■ EXERCISE BRIEF: Retype every entry exactly, down to the last character.

■ Dataset excerpts:
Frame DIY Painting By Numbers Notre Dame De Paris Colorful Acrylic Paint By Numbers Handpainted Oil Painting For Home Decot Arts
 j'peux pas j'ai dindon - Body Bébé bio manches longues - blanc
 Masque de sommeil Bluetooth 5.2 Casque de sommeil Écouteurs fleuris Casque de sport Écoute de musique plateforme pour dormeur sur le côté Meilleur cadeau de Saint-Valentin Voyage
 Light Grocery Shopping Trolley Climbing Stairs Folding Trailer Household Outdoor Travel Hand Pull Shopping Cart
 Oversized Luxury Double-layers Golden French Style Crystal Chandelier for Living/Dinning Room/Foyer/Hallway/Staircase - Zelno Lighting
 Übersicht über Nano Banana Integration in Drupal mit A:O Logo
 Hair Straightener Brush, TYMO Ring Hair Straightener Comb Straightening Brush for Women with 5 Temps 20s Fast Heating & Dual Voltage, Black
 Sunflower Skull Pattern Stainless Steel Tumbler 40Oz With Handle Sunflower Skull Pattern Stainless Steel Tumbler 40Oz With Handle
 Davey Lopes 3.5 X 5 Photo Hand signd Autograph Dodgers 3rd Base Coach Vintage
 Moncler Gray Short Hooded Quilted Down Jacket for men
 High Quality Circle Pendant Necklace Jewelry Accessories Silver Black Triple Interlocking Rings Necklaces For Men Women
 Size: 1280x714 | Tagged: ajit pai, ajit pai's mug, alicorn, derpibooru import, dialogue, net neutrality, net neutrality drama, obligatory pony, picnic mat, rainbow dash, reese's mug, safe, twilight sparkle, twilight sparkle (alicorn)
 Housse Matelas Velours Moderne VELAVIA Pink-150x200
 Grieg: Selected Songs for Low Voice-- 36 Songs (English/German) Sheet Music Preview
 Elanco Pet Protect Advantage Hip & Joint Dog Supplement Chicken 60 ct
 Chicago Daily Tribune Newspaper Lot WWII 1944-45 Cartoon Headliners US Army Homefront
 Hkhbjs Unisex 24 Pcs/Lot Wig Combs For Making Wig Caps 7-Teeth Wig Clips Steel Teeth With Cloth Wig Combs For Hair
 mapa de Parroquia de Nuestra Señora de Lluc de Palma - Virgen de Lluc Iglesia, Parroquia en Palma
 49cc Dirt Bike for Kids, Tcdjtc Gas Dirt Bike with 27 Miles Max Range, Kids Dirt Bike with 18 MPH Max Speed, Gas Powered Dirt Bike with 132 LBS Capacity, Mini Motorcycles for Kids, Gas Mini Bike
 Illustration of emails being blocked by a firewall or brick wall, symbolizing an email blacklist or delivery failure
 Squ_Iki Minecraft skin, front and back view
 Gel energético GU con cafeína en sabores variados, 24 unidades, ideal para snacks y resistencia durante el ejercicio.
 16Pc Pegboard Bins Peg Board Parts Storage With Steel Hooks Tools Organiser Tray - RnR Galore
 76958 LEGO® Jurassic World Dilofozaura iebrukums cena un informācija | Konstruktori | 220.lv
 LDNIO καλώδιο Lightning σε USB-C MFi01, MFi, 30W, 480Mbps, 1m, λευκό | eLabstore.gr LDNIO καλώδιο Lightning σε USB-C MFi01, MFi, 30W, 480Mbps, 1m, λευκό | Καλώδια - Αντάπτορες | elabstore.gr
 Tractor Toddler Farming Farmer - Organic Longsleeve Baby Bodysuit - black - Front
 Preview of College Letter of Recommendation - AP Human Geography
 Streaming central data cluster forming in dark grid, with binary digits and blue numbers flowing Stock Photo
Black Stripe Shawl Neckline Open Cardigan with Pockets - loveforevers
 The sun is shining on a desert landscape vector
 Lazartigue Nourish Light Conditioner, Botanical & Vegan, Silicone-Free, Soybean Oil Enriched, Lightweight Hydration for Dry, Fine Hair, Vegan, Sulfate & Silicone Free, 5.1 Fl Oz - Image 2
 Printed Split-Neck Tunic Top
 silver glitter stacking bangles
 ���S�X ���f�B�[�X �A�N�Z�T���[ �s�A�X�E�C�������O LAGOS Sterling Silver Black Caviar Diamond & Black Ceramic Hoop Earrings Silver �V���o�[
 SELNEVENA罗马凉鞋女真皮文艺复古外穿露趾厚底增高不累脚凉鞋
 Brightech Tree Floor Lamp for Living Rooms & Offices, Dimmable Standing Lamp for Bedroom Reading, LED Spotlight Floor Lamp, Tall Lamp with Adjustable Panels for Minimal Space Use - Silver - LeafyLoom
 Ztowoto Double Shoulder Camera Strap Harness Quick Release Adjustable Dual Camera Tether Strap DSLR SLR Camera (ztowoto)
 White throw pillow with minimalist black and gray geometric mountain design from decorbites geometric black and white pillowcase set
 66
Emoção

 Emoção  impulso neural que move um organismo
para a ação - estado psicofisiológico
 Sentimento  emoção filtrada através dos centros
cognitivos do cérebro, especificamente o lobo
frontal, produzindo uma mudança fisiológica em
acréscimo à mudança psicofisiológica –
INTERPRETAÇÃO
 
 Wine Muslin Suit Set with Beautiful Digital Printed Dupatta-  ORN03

■ ANSWER:
Frame DIY Painting By Numbers Notre Dame De Paris Colorful Acrylic Paint By Numbers Handpainted Oil Painting For Home Decot Arts
 j'peux pas j'ai dindon - Body Bébé bio manches longues - blanc
 Masque de sommeil Bluetooth 5.2 Casque de sommeil Écouteurs fleuris Casque de sport Écoute de musique plateforme pour dormeur sur le côté Meilleur cadeau de Saint-Valentin Voyage
 Light Grocery Shopping Trolley Climbing Stairs Folding Trailer Household Outdoor Travel Hand Pull Shopping Cart
 Oversized Luxury Double-layers Golden French Style Crystal Chandelier for Living/Dinning Room/Foyer/Hallway/Staircase - Zelno Lighting
 Übersicht über Nano Banana Integration in Drupal mit A:O Logo
 Hair Straightener Brush, TYMO Ring Hair Straightener Comb Straightening Brush for Women with 5 Temps 20s Fast Heating & Dual Voltage, Black
 Sunflower Skull Pattern Stainless Steel Tumbler 40Oz With Handle Sunflower Skull Pattern Stainless Steel Tumbler 40Oz With Handle
 Davey Lopes 3.5 X 5 Photo Hand signd Autograph Dodgers 3rd Base Coach Vintage
 Moncler Gray Short Hooded Quilted Down Jacket for men
 High Quality Circle Pendant Necklace Jewelry Accessories Silver Black Triple Interlocking Rings Necklaces For Men Women
 Size: 1280x714 | Tagged: ajit pai, ajit pai's mug, alicorn, derpibooru import, dialogue, net neutrality, net neutrality drama, obligatory pony, picnic mat, rainbow dash, reese's mug, safe, twilight sparkle, twilight sparkle (alicorn)
 Housse Matelas Velours Moderne VELAVIA Pink-150x200
 Grieg: Selected Songs for Low Voice-- 36 Songs (English/German) Sheet Music Preview
 Elanco Pet Protect Advantage Hip & Joint Dog Supplement Chicken 60 ct
 Chicago Daily Tribune Newspaper Lot WWII 1944-45 Cartoon Headliners US Army Homefront
 Hkhbjs Unisex 24 Pcs/Lot Wig Combs For Making Wig Caps 7-Teeth Wig Clips Steel Teeth With Cloth Wig Combs For Hair
 mapa de Parroquia de Nuestra Señora de Lluc de Palma - Virgen de Lluc Iglesia, Parroquia en Palma
 49cc Dirt Bike for Kids, Tcdjtc Gas Dirt Bike with 27 Miles Max Range, Kids Dirt Bike with 18 MPH Max Speed, Gas Powered Dirt Bike with 132 LBS Capacity, Mini Motorcycles for Kids, Gas Mini Bike
 Illustration of emails being blocked by a firewall or brick wall, symbolizing an email blacklist or delivery failure
 Squ_Iki Minecraft skin, front and back view
 Gel energético GU con cafeína en sabores variados, 24 unidades, ideal para snacks y resistencia durante el ejercicio.
 16Pc Pegboard Bins Peg Board Parts Storage With Steel Hooks Tools Organiser Tray - RnR Galore
 76958 LEGO® Jurassic World Dilofozaura iebrukums cena un informācija | Konstruktori | 220.lv
 LDNIO καλώδιο Lightning σε USB-C MFi01, MFi, 30W, 480Mbps, 1m, λευκό | eLabstore.gr LDNIO καλώδιο Lightning σε USB-C MFi01, MFi, 30W, 480Mbps, 1m, λευκό | Καλώδια - Αντάπτορες | elabstore.gr
 Tractor Toddler Farming Farmer - Organic Longsleeve Baby Bodysuit - black - Front
 Preview of College Letter of Recommendation - AP Human Geography
 Streaming central data cluster forming in dark grid, with binary digits and blue numbers flowing Stock Photo
Black Stripe Shawl Neckline Open Cardigan with Pockets - loveforevers
 The sun is shining on a desert landscape vector
 Lazartigue Nourish Light Conditioner, Botanical & Vegan, Silicone-Free, Soybean Oil Enriched, Lightweight Hydration for Dry, Fine Hair, Vegan, Sulfate & Silicone Free, 5.1 Fl Oz - Image 2
 Printed Split-Neck Tunic Top
 silver glitter stacking bangles
 ���S�X ���f�B�[�X �A�N�Z�T���[ �s�A�X�E�C�������O LAGOS Sterling Silver Black Caviar Diamond & Black Ceramic Hoop Earrings Silver �V���o�[
 SELNEVENA罗马凉鞋女真皮文艺复古外穿露趾厚底增高不累脚凉鞋
 Brightech Tree Floor Lamp for Living Rooms & Offices, Dimmable Standing Lamp for Bedroom Reading, LED Spotlight Floor Lamp, Tall Lamp with Adjustable Panels for Minimal Space Use - Silver - LeafyLoom
 Ztowoto Double Shoulder Camera Strap Harness Quick Release Adjustable Dual Camera Tether Strap DSLR SLR Camera (ztowoto)
 White throw pillow with minimalist black and gray geometric mountain design from decorbites geometric black and white pillowcase set
 66
Emoção

 Emoção  impulso neural que move um organismo
para a ação - estado psicofisiológico
 Sentimento  emoção filtrada através dos centros
cognitivos do cérebro, especificamente o lobo
frontal, produzindo uma mudança fisiológica em
acréscimo à mudança psicofisiológica –
INTERPRETAÇÃO
 
 Wine Muslin Suit Set with Beautiful Digital Printed Dupatta-  ORN03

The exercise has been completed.